+++ INPUT DATA +++

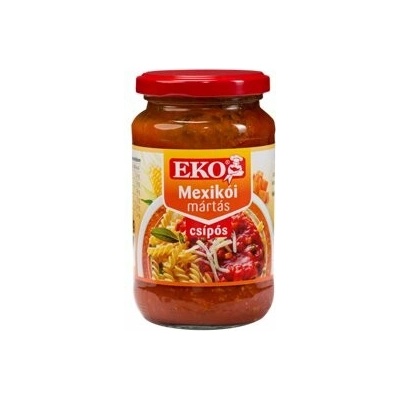 Ekos omáčka - Mexická 360 g kartón - 6 ks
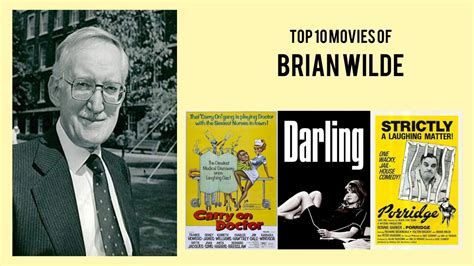 Brian Wilde Top 10 Movies of Brian Wilde| Best 10 Movies of Brian Wilde - YouTube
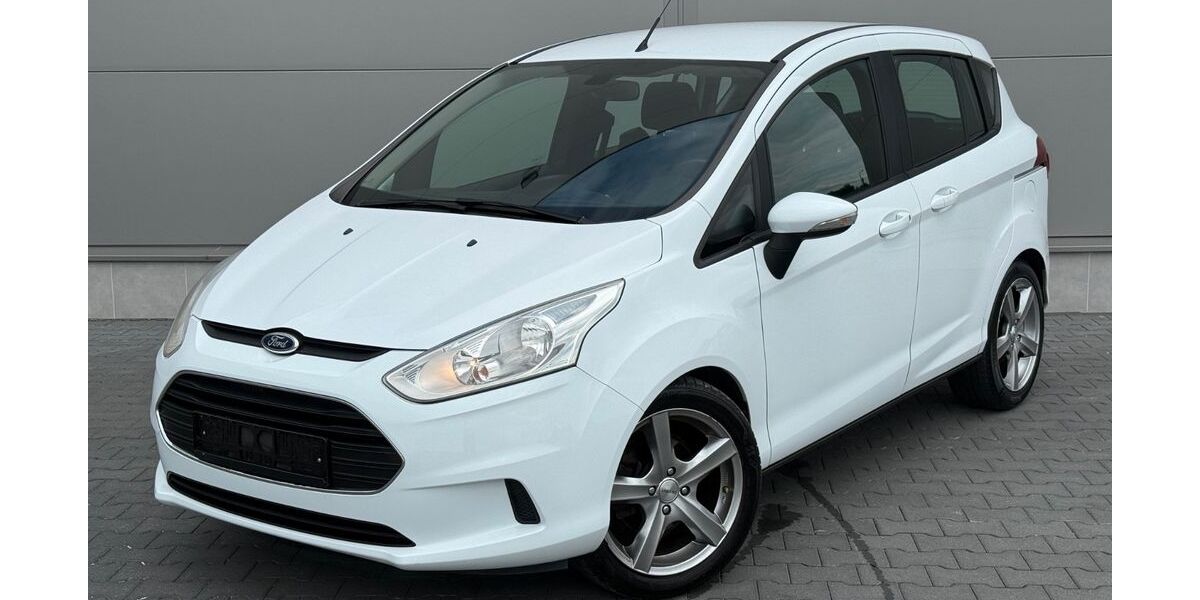 Ford B-Max 148.712 km 4.190 &euro; Prenzlau 17291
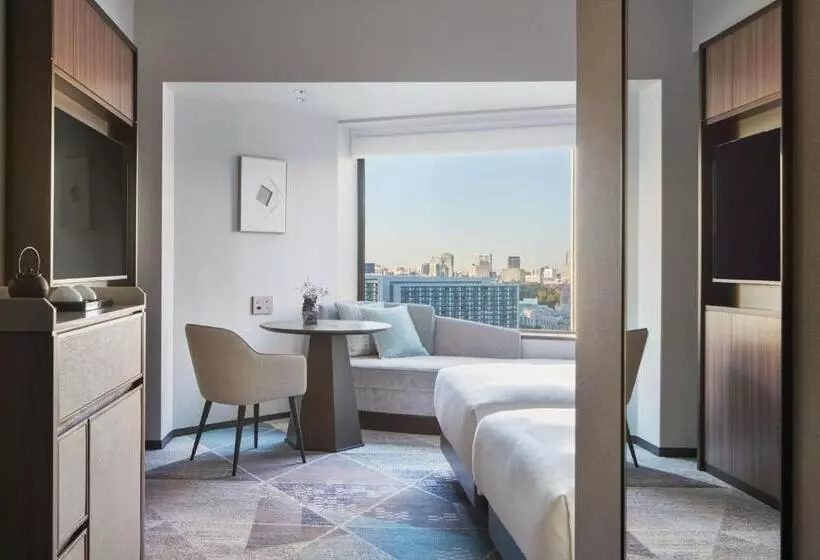 اتاق پرمیوم, Ana Intercontinental Tokyo, An Ihg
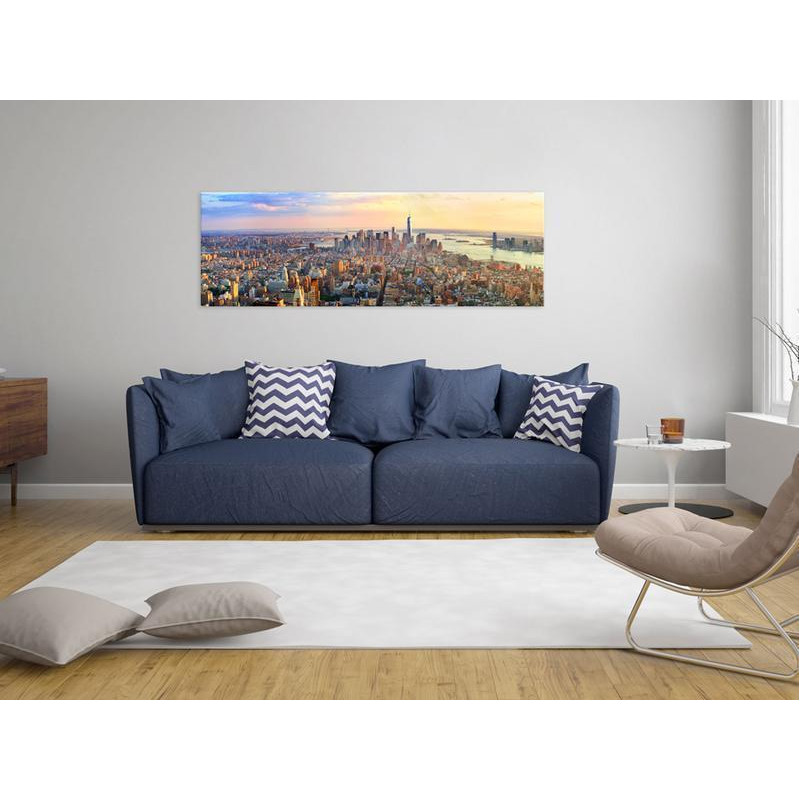 82,90 € Schilderij - New York Panorama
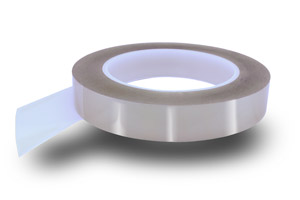 High temperature masking PET (polyester) adhesive tape. Immagine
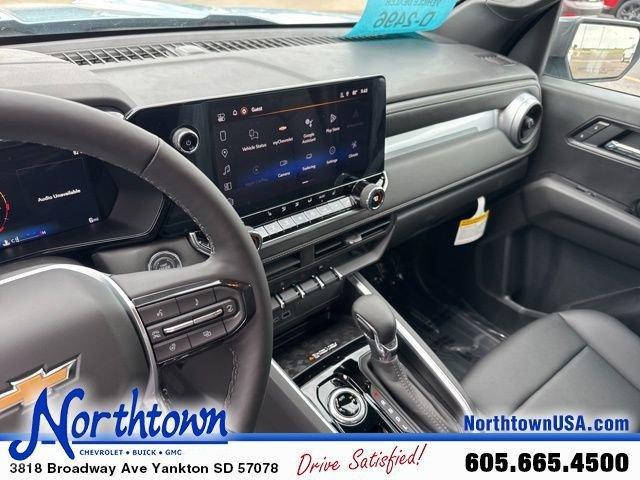 new 2026 Chevrolet Colorado car, priced at $46,720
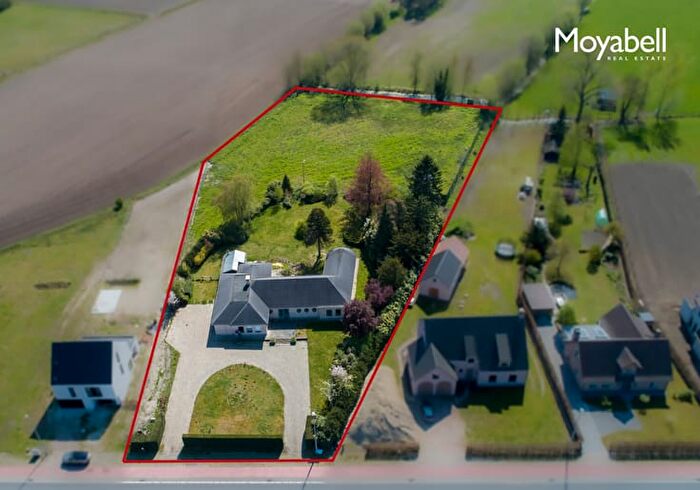 4-kamerhuis te koop in Aalter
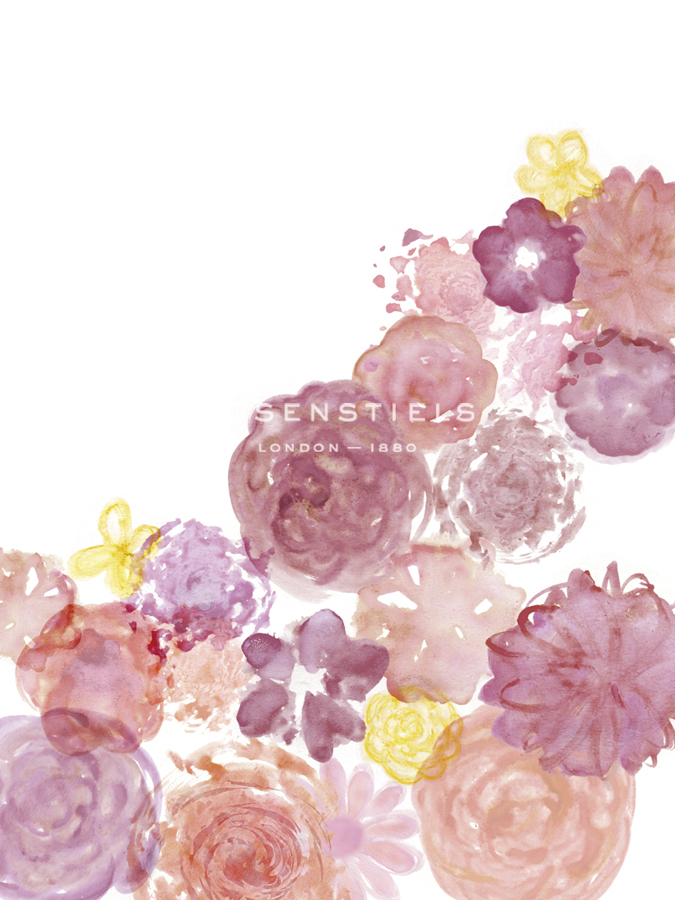 Eleganza Floral - Waltz - Belle Poesia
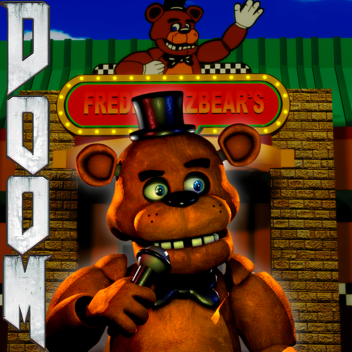 Five Nights At Freddy's DOOM Filmi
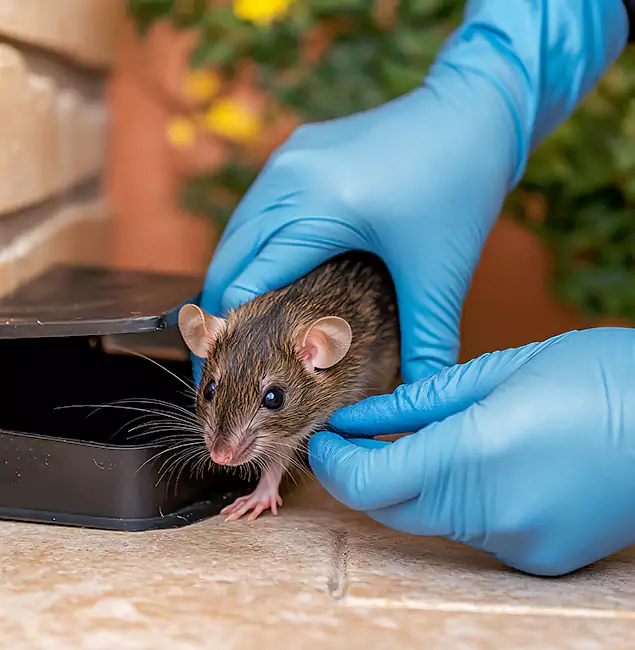 Why Grants Pass, OR Trusts Grants Pass Pest Control Pro for Rodent Proofing?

+++

- **TASK DESCRIPTION**: Return exactly the lines above, from the one with "of Brian Wilde - YouTube" up to and including the one with "High temperature masking", and include no pictures.

- **ANSWER TO THIS PROBLEM**:
 Brian Wilde Top 10 Movies of Brian Wilde| Best 10 Movies of Brian Wilde - YouTube
 Ford B-Max 148.712 km 4.190 &euro; Prenzlau 17291
 اتاق پرمیوم, Ana Intercontinental Tokyo, An Ihg
 82,90 € Schilderij - New York Panorama
 High temperature masking PET (polyester) adhesive tape. Immagine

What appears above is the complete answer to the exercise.